■ EXTRACTED MATERIAL
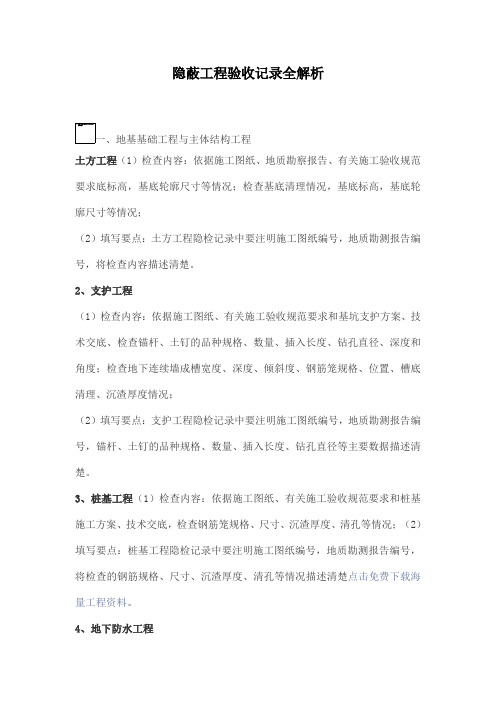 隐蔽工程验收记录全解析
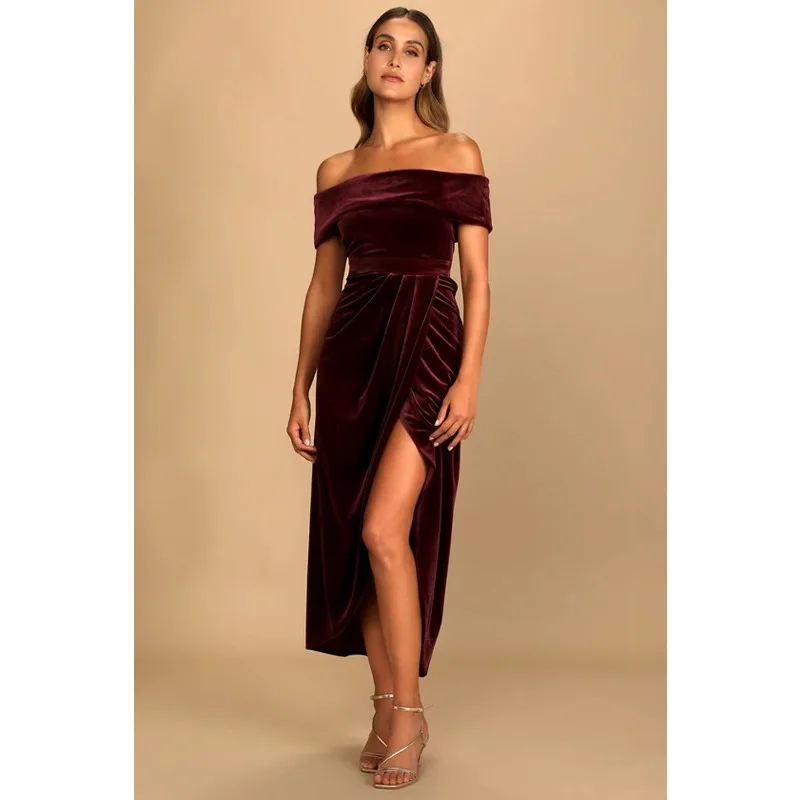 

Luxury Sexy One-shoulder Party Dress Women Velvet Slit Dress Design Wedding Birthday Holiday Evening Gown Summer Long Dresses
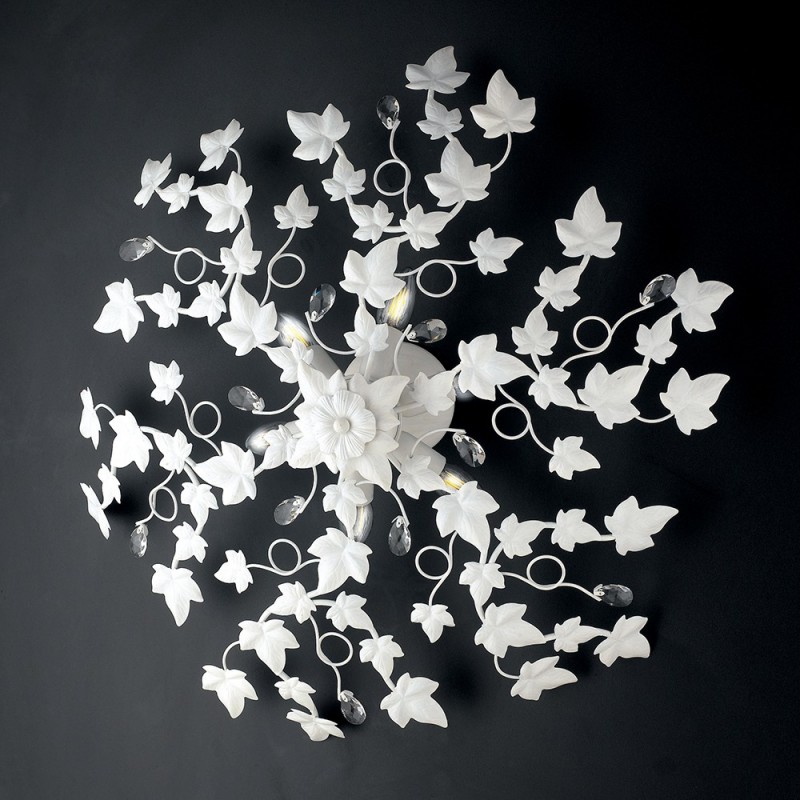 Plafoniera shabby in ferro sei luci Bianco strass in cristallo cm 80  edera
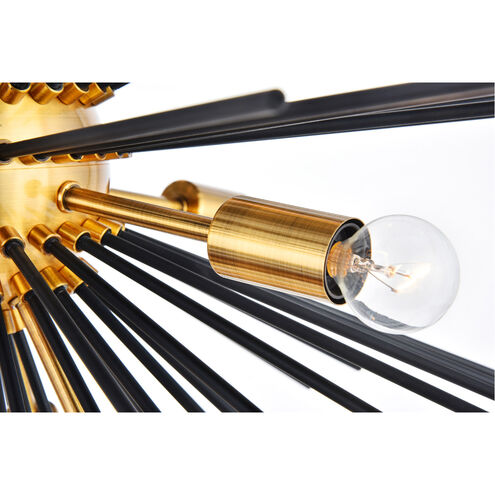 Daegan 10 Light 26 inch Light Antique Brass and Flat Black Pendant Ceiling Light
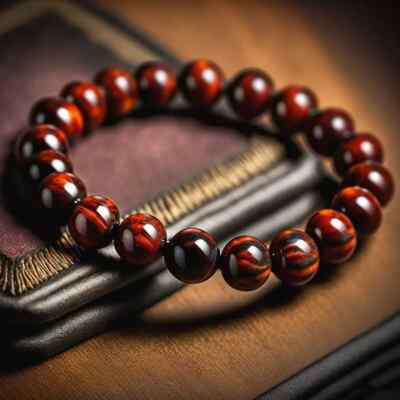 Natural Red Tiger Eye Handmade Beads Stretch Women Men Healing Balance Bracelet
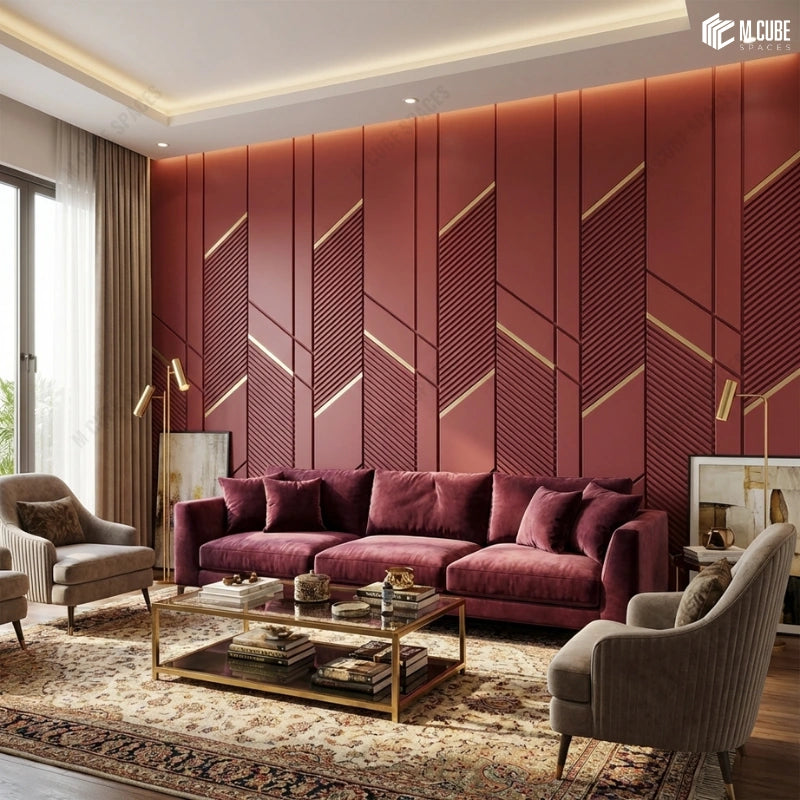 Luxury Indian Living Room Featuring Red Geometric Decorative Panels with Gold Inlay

--

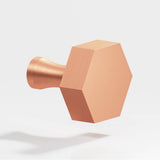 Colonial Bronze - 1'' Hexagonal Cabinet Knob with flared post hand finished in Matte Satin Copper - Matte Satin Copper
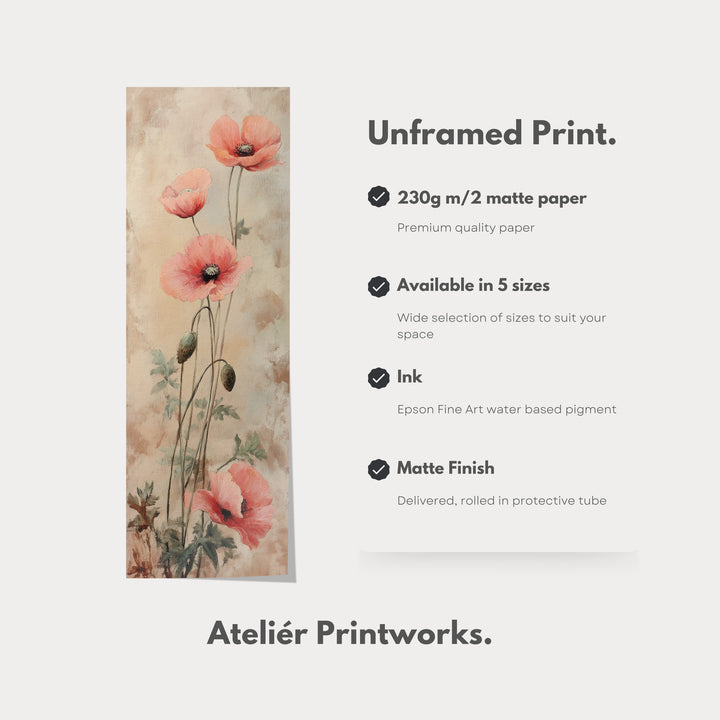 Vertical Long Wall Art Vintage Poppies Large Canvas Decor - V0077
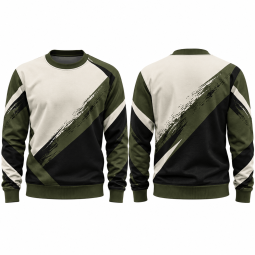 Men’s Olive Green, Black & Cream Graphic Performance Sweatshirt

■ PROBLEM REQUIREMENTS
Between and including the line with "Colonial Bronze - 1''" and the line with "Men’s Olive Green, Black", repeat every line exactly as it appears above, with pictures left out.

■ EXERCISE SOLUTION
 Colonial Bronze - 1'' Hexagonal Cabinet Knob with flared post hand finished in Matte Satin Copper - Matte Satin Copper
 Vertical Long Wall Art Vintage Poppies Large Canvas Decor - V0077
 Men’s Olive Green, Black & Cream Graphic Performance Sweatshirt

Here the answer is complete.